Southern champion
- Conference: Independent
- Record: 7–2–1
- Head coach: Archie Hoxton (2nd season);
- Captain: John Loyd
- Home stadium: Madison Hall Field

= 1900 Virginia Orange and Blue football team =

American college football season

The 1900 Virginia Orange and Blue football team represented the University of Virginia as an independent during the 1900 college football season. Led by second-year coach Archie Hoxton, the team went 7–2–1 and claims a Southern championship. The team was captained by tackle John Loyd. The Orange and Blue defeated Sewanee, to give the Tigers its first loss since 1897.

==Schedule==

| Date | Time | Opponent | Site | Result | Attendance | Source |
|---|---|---|---|---|---|---|
| October 5 |  | Washington and Lee | Madison Hall Field; Charlottesville, VA; | W 28–0 |  |  |
| October 10 |  | Richmond | Madison Hall Field; Charlottesville, VA; | W 51–0 |  |  |
| October 13 | 4:00 p.m. | vs. Carlisle | National Park; Washington, DC; | L 2–16 |  |  |
| October 20 |  | Johns Hopkins | Madison Hall Field; Charlottesville, VA; | W 20–0 |  |  |
| October 24 |  | at VMI | VMI Parade Ground; Lexington, VA; | T 0–0 |  |  |
| November 10 |  | Gallaudet | Madison Hall Field; Charlottesville, VA; | W 34–0 |  |  |
| November 14 |  | VPI | Madison Hall Field; Charlottesville, VA (rivalry); | W 17–5 |  |  |
| November 17 |  | at Georgetown | Georgetown Field; Washington, DC; | L 0–10 |  |  |
| November 24 | 2:30 p.m. | vs. North Carolina | League Park; Norfolk, VA (rivalry); | W 17–0 | 6,000 |  |
| November 29 | 2:35 p.m. | vs. Sewanee | Broad Street Park; Richmond, VA; | W 17–5 |  |  |

==Preseason==
Archie Hoxton was in his second season as head coach. William Choice transferred from rival VPI.

==Game summaries==
===Washington and Lee===
The season opened with a 28-0 defeat of the Washington and Lee Generals.

The starting lineup was Hobson (left end), Loyd (left tackle), Harris (left guard), Montgomery (center), Haskell (right guard), Walker (right tackle), McCall (right end). Mallory (quarterback), Dabney (left halfback), Carroll (right halfback), and Coleman (fullback).

===Richmond===
In the second week of play, Virginia defeated Richmond 51-0.

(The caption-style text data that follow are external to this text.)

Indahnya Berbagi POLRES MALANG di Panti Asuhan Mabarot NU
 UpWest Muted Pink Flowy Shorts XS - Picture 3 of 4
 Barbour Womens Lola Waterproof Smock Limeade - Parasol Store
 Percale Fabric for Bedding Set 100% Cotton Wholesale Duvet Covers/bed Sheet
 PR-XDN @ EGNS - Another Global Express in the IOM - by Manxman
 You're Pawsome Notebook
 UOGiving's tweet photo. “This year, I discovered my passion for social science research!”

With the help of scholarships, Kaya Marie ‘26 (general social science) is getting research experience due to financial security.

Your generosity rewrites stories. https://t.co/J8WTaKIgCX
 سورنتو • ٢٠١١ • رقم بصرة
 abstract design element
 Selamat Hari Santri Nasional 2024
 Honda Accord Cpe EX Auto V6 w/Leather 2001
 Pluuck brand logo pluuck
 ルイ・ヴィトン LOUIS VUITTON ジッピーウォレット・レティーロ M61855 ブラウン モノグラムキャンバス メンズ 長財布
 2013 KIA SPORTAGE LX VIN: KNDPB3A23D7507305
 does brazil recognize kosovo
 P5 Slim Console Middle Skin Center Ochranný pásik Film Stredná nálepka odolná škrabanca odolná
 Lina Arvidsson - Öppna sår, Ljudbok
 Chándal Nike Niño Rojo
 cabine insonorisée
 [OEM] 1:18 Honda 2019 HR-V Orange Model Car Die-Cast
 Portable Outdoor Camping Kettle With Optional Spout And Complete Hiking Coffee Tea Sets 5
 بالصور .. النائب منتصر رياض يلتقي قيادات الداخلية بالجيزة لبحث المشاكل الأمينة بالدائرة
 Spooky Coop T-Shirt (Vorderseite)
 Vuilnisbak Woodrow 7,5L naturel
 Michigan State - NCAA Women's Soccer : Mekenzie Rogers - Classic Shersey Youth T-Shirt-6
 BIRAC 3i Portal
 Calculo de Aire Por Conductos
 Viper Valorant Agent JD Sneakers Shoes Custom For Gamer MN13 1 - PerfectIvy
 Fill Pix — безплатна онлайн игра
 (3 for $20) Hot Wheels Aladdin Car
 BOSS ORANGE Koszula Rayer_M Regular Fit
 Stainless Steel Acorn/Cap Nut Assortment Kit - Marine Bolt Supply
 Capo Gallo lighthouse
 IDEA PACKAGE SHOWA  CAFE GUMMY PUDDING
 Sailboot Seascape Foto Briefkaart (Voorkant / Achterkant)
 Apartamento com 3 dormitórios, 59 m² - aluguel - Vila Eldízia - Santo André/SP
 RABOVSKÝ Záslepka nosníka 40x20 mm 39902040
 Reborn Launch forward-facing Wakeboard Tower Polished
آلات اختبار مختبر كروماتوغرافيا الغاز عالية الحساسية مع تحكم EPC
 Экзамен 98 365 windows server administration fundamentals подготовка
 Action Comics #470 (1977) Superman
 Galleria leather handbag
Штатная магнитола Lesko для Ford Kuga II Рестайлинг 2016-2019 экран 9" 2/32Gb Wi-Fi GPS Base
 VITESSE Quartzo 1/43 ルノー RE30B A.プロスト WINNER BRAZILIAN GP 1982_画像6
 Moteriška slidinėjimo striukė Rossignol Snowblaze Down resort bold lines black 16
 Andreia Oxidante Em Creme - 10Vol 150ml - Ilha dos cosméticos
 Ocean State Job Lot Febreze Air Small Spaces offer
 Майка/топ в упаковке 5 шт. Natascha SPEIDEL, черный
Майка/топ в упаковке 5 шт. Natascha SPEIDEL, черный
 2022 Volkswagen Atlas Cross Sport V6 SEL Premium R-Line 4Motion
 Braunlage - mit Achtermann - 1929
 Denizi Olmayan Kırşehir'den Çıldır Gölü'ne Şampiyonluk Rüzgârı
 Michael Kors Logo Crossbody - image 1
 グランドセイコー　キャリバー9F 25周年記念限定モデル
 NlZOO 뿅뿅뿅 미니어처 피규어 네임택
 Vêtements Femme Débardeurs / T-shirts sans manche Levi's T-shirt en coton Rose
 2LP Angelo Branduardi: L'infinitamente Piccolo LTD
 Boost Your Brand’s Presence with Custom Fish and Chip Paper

The starting lineup was Hobson (left end), Loyd (left tackle), Harris (left guard), Montgomery (center), Haskell (right guard), Walker (right tackle), Bride (right end). Mallory (quarterback), Carroll (left halfback), Nalle (right halfback), and Coleman (fullback).

===Carlisle===
On a muddy field, the Carlisle Indians beat Virginia 2-16, Once during the game, Bradley Walker grabbed Hawley Pierce, Carlisle's biggest player, and carried him ten yards with him dangling over his shoulder.

The starting lineup was Bride (left end), Loyd (left tackle), Harris (left guard), Montgomery (center), Haskel (right guard), Walker (right tackle), Hobson (right end). Mallory (quarterback), Dabney (left halfback), Nalle (right halfback), and Coleman (fullback).

===Johns Hopkins===
Virginia beat Johns Hopkins 40-0. Walker had several long runs for touchdown in the second half.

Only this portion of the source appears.